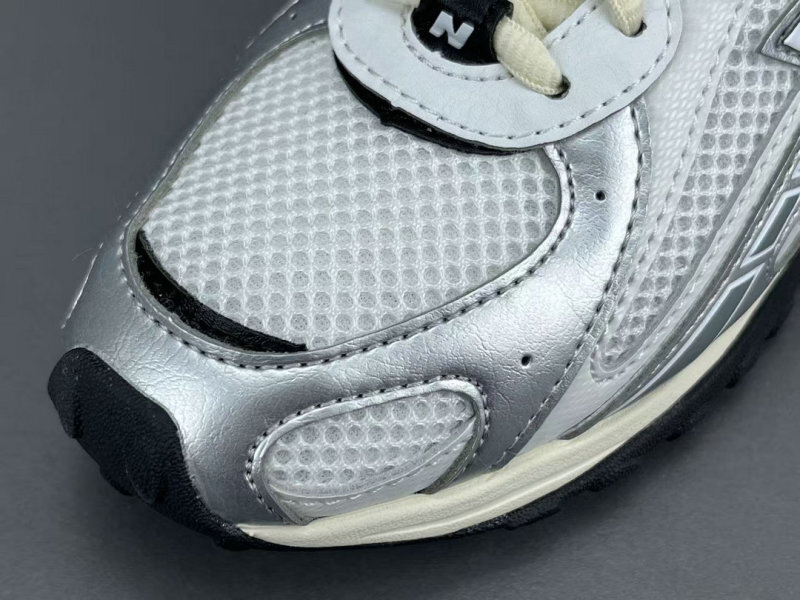 New Balance U204LSWD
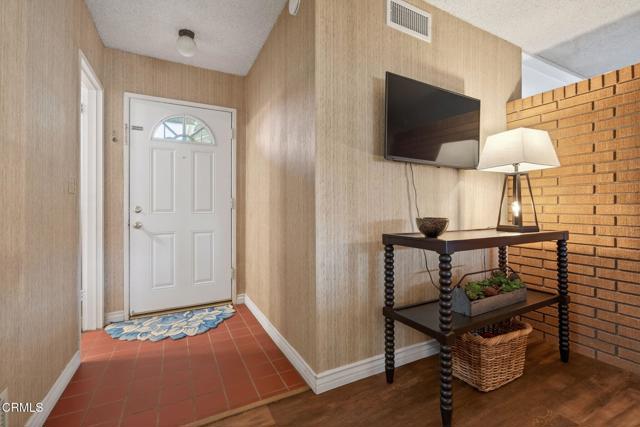 Detail Gallery Image 6 of 34 For 351 Princeton St, Santa Paula,  CA 93060 - 3 Beds | 1/1 Baths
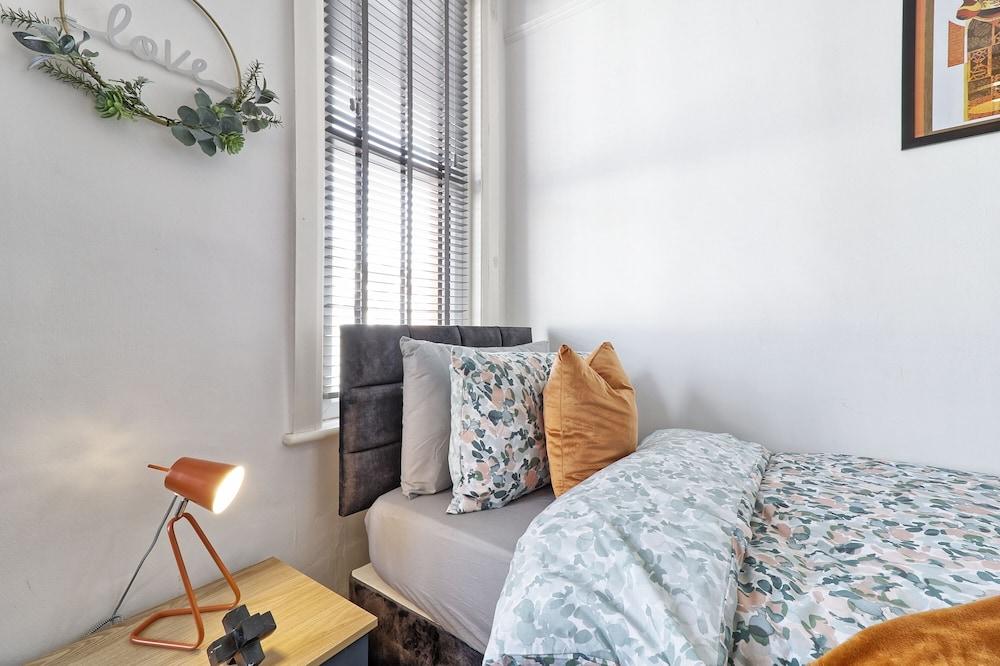 Captivating 2bed House in Southend Pet Friendly!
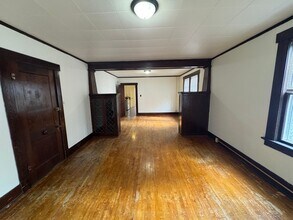 Building Photo - 616 S Grand Ave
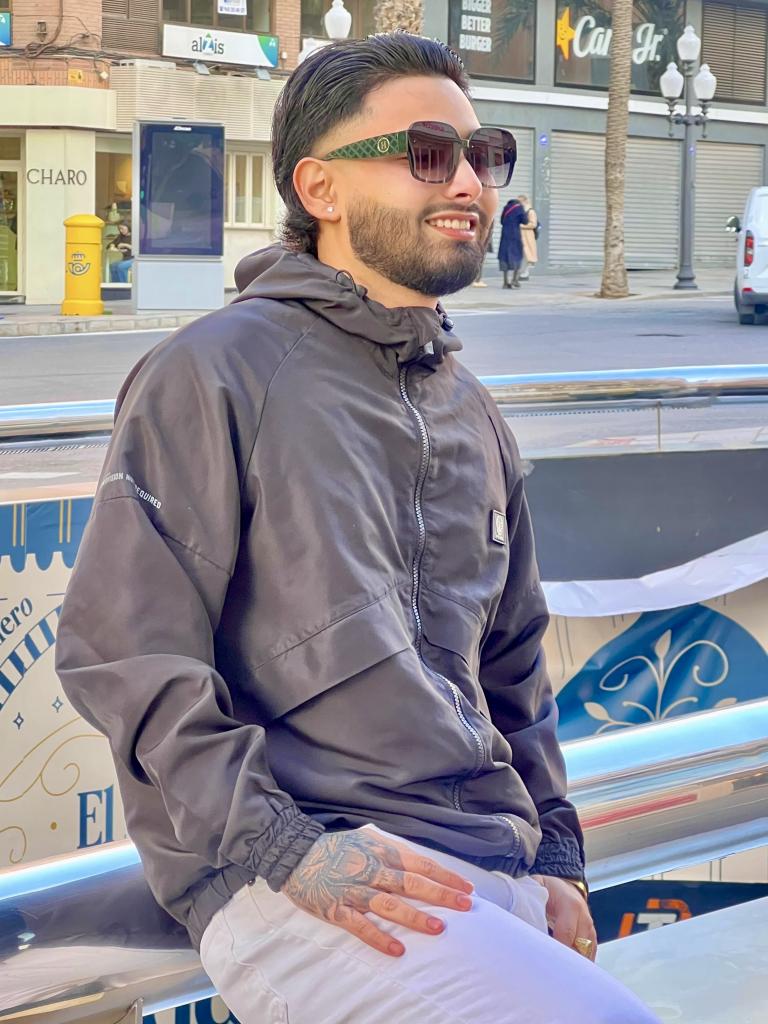 653578277: Chico busca chica en Madrid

EXERCISE PROMPT: Up to and including the last line of the listing, starting at the line with "Detail Gallery Image", extract every line exactly and leave out the pictures.

YOUR SOLUTION:
 Detail Gallery Image 6 of 34 For 351 Princeton St, Santa Paula,  CA 93060 - 3 Beds | 1/1 Baths
 Captivating 2bed House in Southend Pet Friendly!
 Building Photo - 616 S Grand Ave
 653578277: Chico busca chica en Madrid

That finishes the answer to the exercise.